**EXERCISE INSTRUCTIONS**
From the material below, return exactly the lines starting at the one that holds "14ktt IBGoodman Men's" and ending at the one that holds "FABULOUS FURS GIRL'S". Pictures stay out of the answer.

*** GIVEN RECORDS ***

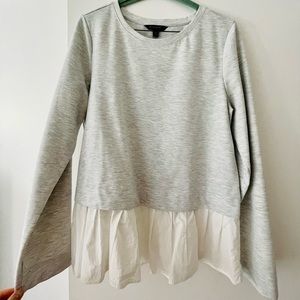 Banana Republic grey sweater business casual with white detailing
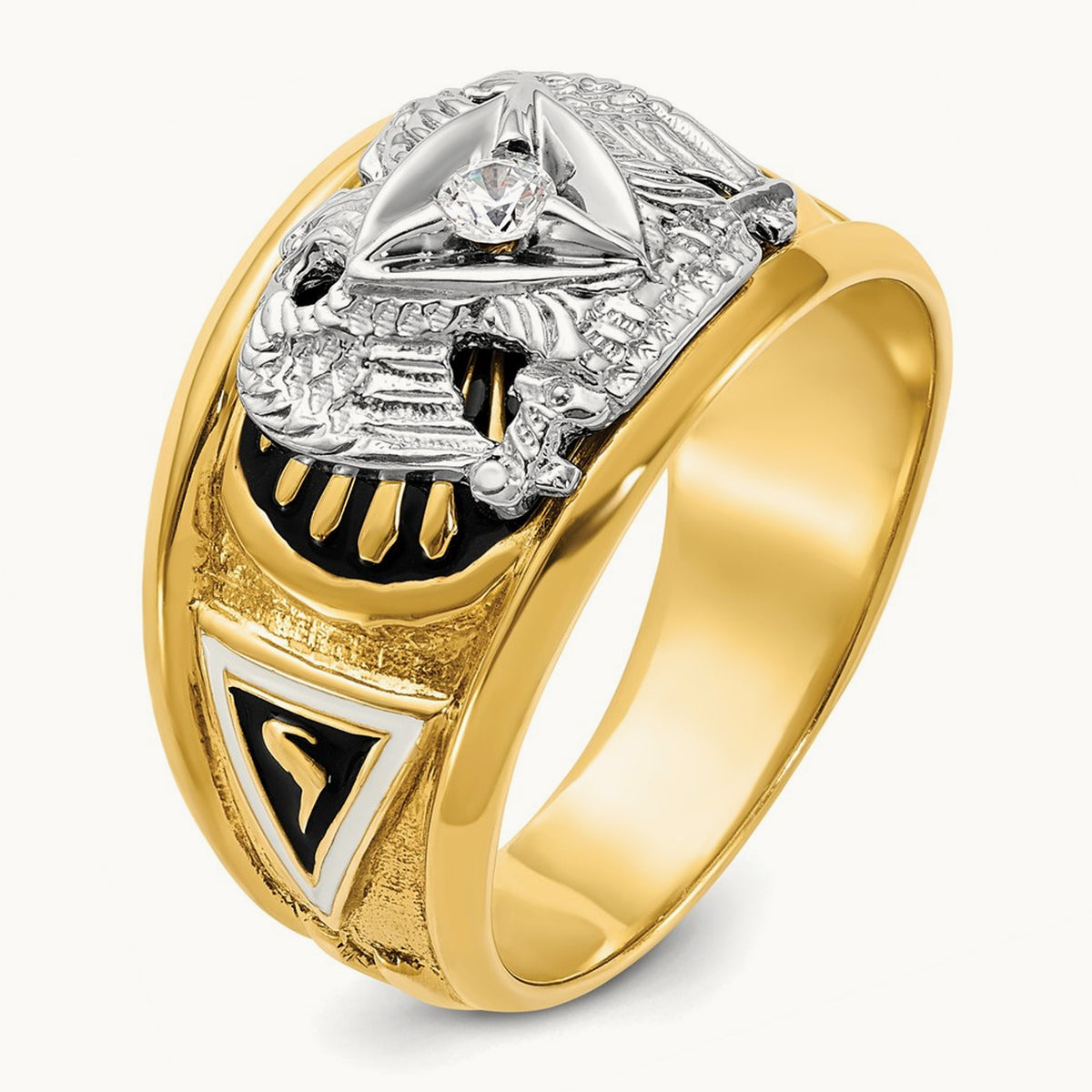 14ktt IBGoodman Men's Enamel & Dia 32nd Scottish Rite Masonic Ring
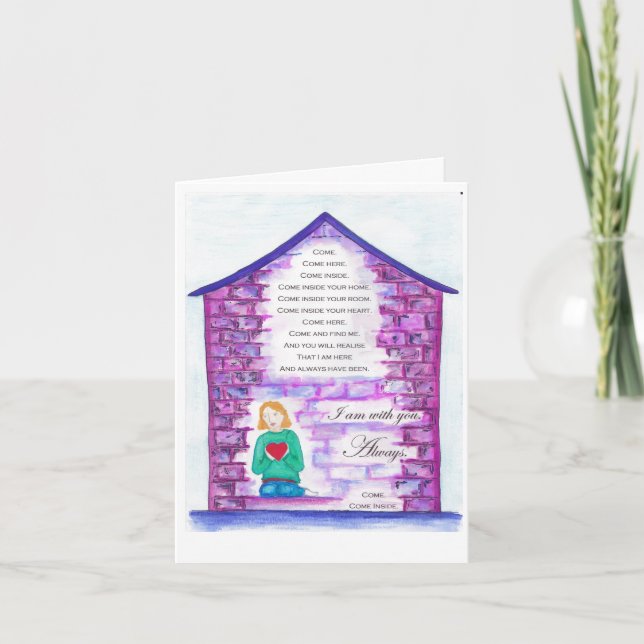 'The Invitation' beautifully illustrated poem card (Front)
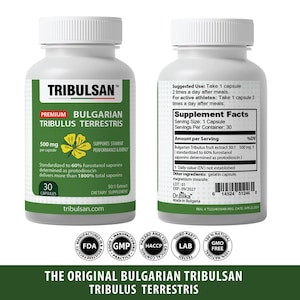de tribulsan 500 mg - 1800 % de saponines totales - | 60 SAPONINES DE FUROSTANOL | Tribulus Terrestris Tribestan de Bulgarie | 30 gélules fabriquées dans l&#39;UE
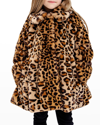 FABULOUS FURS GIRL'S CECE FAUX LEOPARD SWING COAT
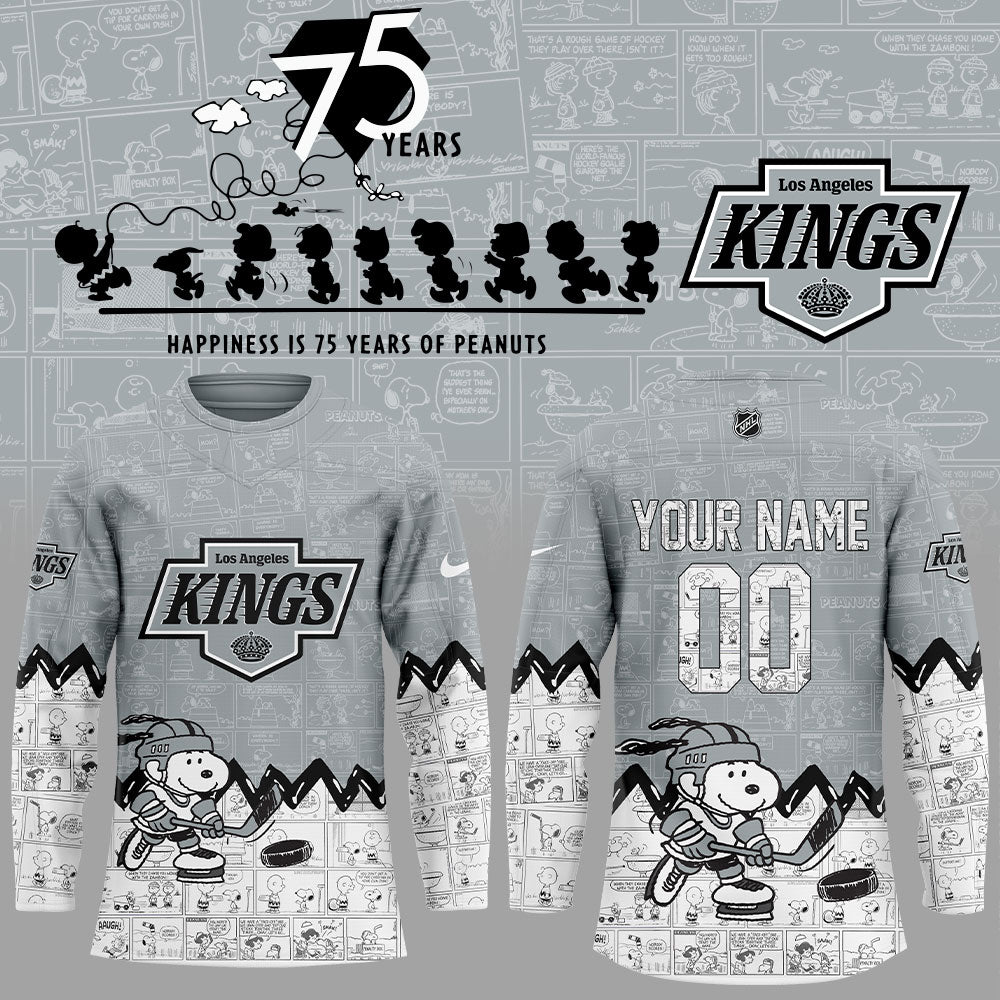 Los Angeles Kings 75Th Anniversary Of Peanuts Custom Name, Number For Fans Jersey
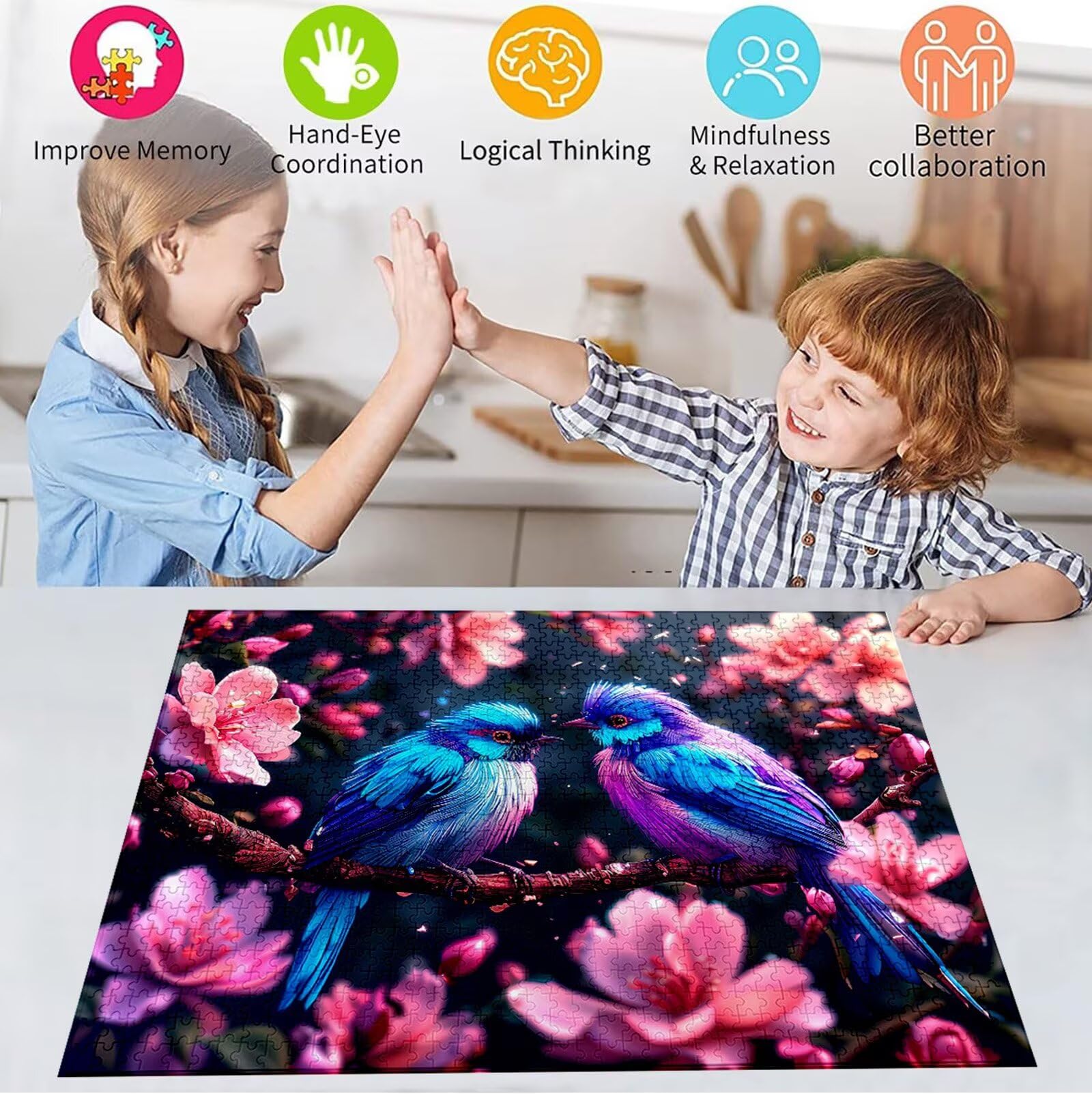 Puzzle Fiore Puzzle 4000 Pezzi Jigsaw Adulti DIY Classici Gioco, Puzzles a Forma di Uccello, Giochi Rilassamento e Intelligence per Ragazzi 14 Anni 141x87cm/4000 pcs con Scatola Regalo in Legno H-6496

***
*** GIVEN RECORDS ***

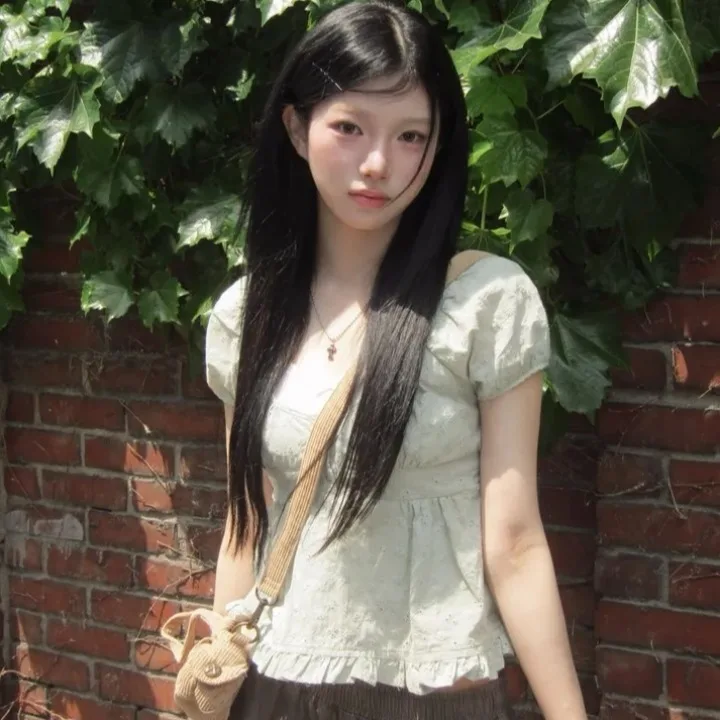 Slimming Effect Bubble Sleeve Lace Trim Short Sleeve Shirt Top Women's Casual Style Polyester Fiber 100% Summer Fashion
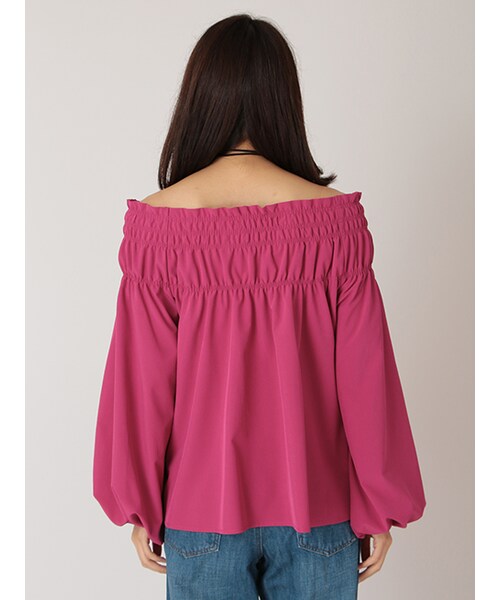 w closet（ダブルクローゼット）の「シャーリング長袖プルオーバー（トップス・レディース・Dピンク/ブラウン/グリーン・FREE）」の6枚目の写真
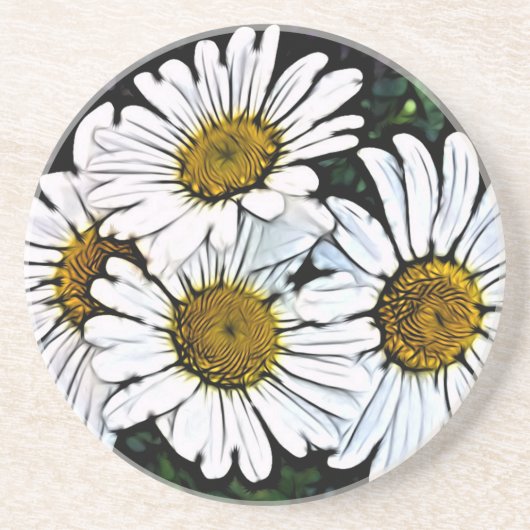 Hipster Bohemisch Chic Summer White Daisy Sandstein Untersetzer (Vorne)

***
*** GIVEN RECORDS ***

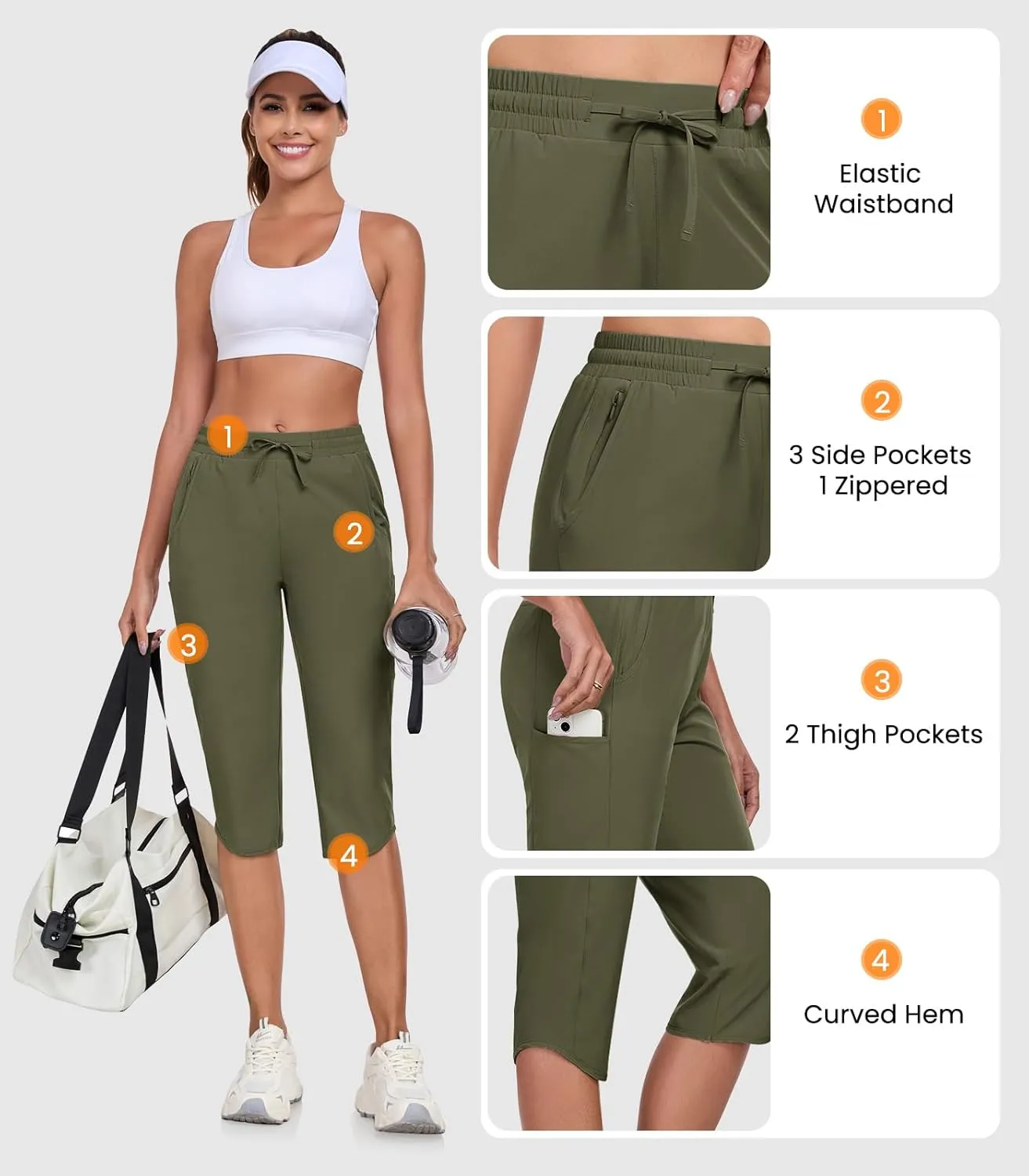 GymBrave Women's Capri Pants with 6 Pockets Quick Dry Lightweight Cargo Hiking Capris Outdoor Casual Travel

***

**RESPONSE AREA**
 14ktt IBGoodman Men's Enamel & Dia 32nd Scottish Rite Masonic Ring
 'The Invitation' beautifully illustrated poem card (Front)
de tribulsan 500 mg - 1800 % de saponines totales - | 60 SAPONINES DE FUROSTANOL | Tribulus Terrestris Tribestan de Bulgarie | 30 gélules fabriquées dans l&#39;UE
 FABULOUS FURS GIRL'S CECE FAUX LEOPARD SWING COAT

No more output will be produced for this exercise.